SI ASPETTA MATTARELLA
«Chi pensa che a questo punto Giorgia si tiri indietro non la conosce», assicura chi le ha parlato ieri. La premier è sempre quella che in campagna elettorale disse «non sono ricattabile» al suo alleato Berlusconi, e la cosa vale a maggior ragione adesso dinanzi a certe procure. Si tira dritto, dunque: con tutte le riforme programmate («che semmai avranno un’accelerazione») e con la difesa di Santanchè e Delmastro.
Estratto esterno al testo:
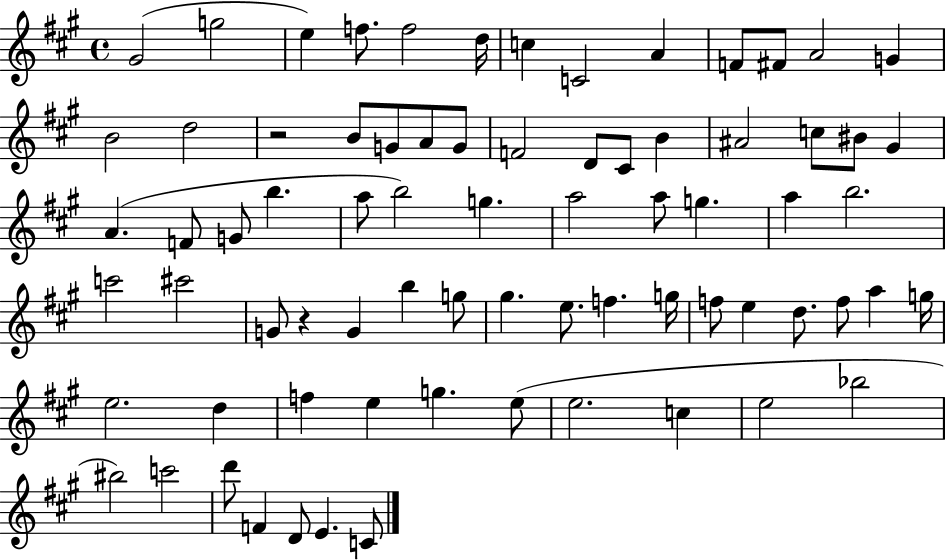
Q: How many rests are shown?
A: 2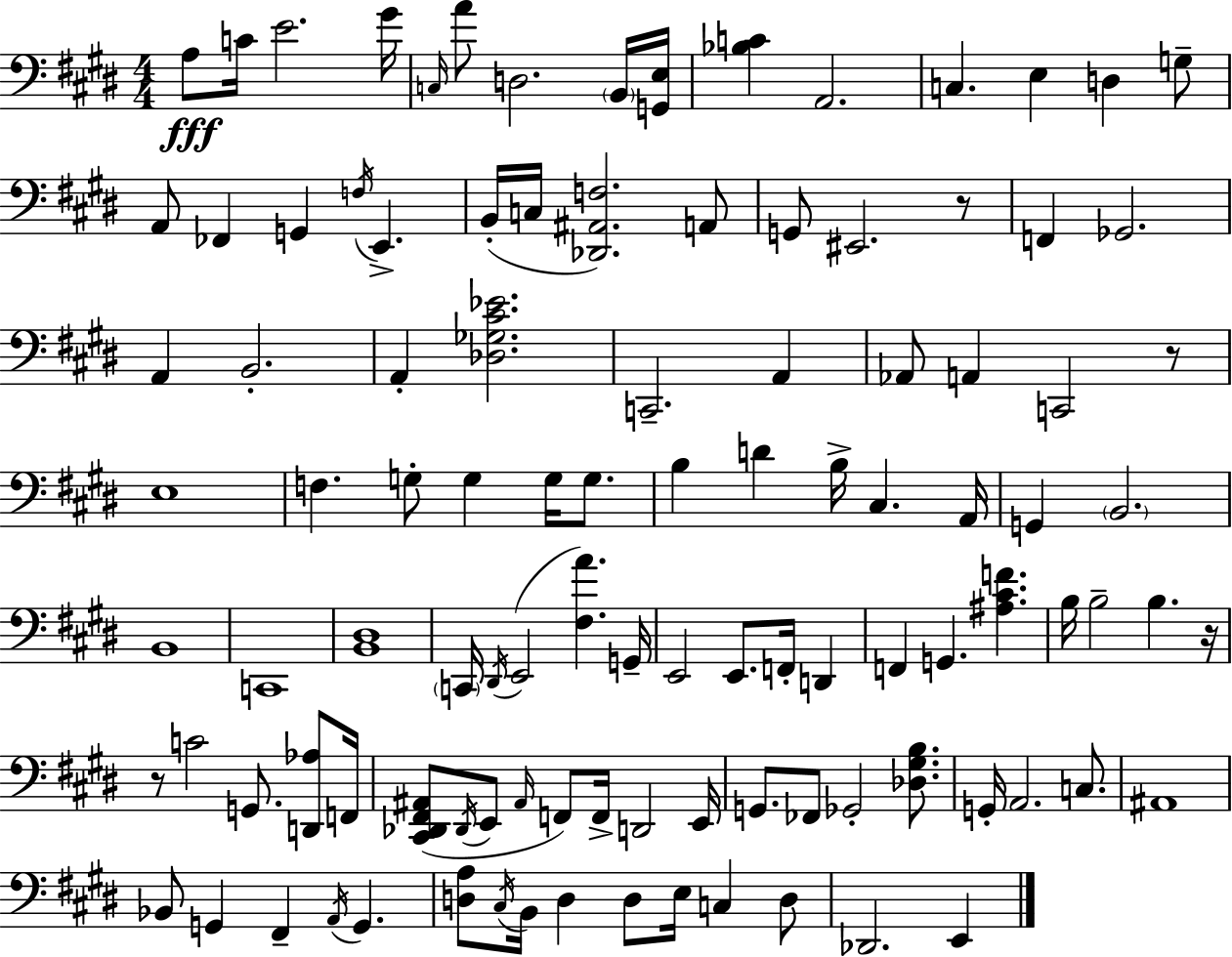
X:1
T:Untitled
M:4/4
L:1/4
K:E
A,/2 C/4 E2 ^G/4 C,/4 A/2 D,2 B,,/4 [G,,E,]/4 [_B,C] A,,2 C, E, D, G,/2 A,,/2 _F,, G,, F,/4 E,, B,,/4 C,/4 [_D,,^A,,F,]2 A,,/2 G,,/2 ^E,,2 z/2 F,, _G,,2 A,, B,,2 A,, [_D,_G,^C_E]2 C,,2 A,, _A,,/2 A,, C,,2 z/2 E,4 F, G,/2 G, G,/4 G,/2 B, D B,/4 ^C, A,,/4 G,, B,,2 B,,4 C,,4 [B,,^D,]4 C,,/4 ^D,,/4 E,,2 [^F,A] G,,/4 E,,2 E,,/2 F,,/4 D,, F,, G,, [^A,^CF] B,/4 B,2 B, z/4 z/2 C2 G,,/2 [D,,_A,]/2 F,,/4 [^C,,_D,,^F,,^A,,]/2 _D,,/4 E,,/2 ^A,,/4 F,,/2 F,,/4 D,,2 E,,/4 G,,/2 _F,,/2 _G,,2 [_D,^G,B,]/2 G,,/4 A,,2 C,/2 ^A,,4 _B,,/2 G,, ^F,, A,,/4 G,, [D,A,]/2 ^C,/4 B,,/4 D, D,/2 E,/4 C, D,/2 _D,,2 E,,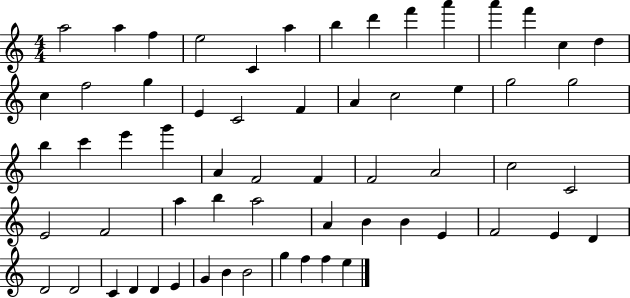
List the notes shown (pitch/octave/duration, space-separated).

A5/h A5/q F5/q E5/h C4/q A5/q B5/q D6/q F6/q A6/q A6/q F6/q C5/q D5/q C5/q F5/h G5/q E4/q C4/h F4/q A4/q C5/h E5/q G5/h G5/h B5/q C6/q E6/q G6/q A4/q F4/h F4/q F4/h A4/h C5/h C4/h E4/h F4/h A5/q B5/q A5/h A4/q B4/q B4/q E4/q F4/h E4/q D4/q D4/h D4/h C4/q D4/q D4/q E4/q G4/q B4/q B4/h G5/q F5/q F5/q E5/q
Così Sergio Mattarella, di ritorno domenica dal viaggio di Stato in Sud America, troverà a Roma un quadro incandescente, col governo che, in buona sostanza, accusa la procura di Milano di fare carne di porco del rispetto istituzionale dovuto ad un ministro. Sinora si è potuto permettere di seguire la vicenda da lontano, senza intervenire né parlare con i protagonisti, ma tutto lascia credere che il presidente del Csm non potrà ignorare a lungo ciò che sta avvenendo.